__Recorded information__
* * * *

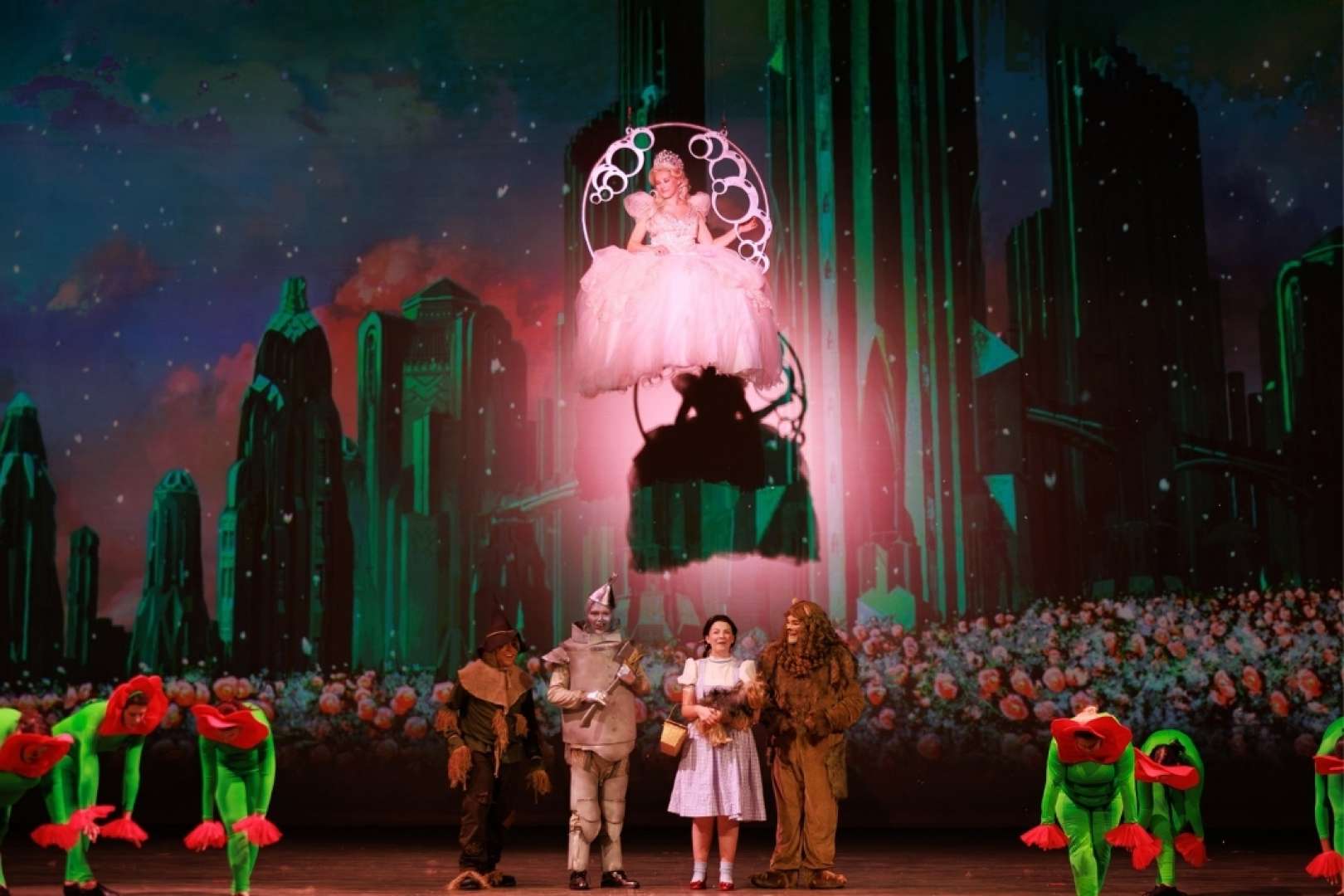 Photo of A vibrant stage production of The Wizard of Oz by the Paramount Players, featuring Dorothy, the Tin Man, the Cowardly Lion, the Scarecrow, and Toto, while Glinda the Good Witch watches over them from above.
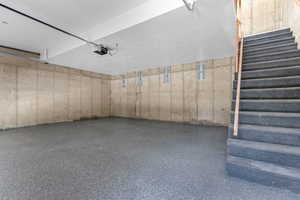 Garage featuring a garage door opener and epoxied floor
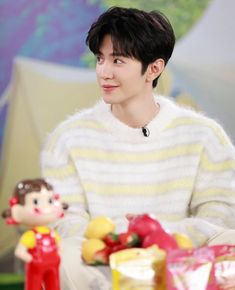 the young man is sitting down with his doll in front of him and wearing a striped sweater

* * * *

Take the line containing "Garage featuring a" and every line after it up to the end of the data, and write them out exactly, without the pictures.

 Garage featuring a garage door opener and epoxied floor
 the young man is sitting down with his doll in front of him and wearing a striped sweater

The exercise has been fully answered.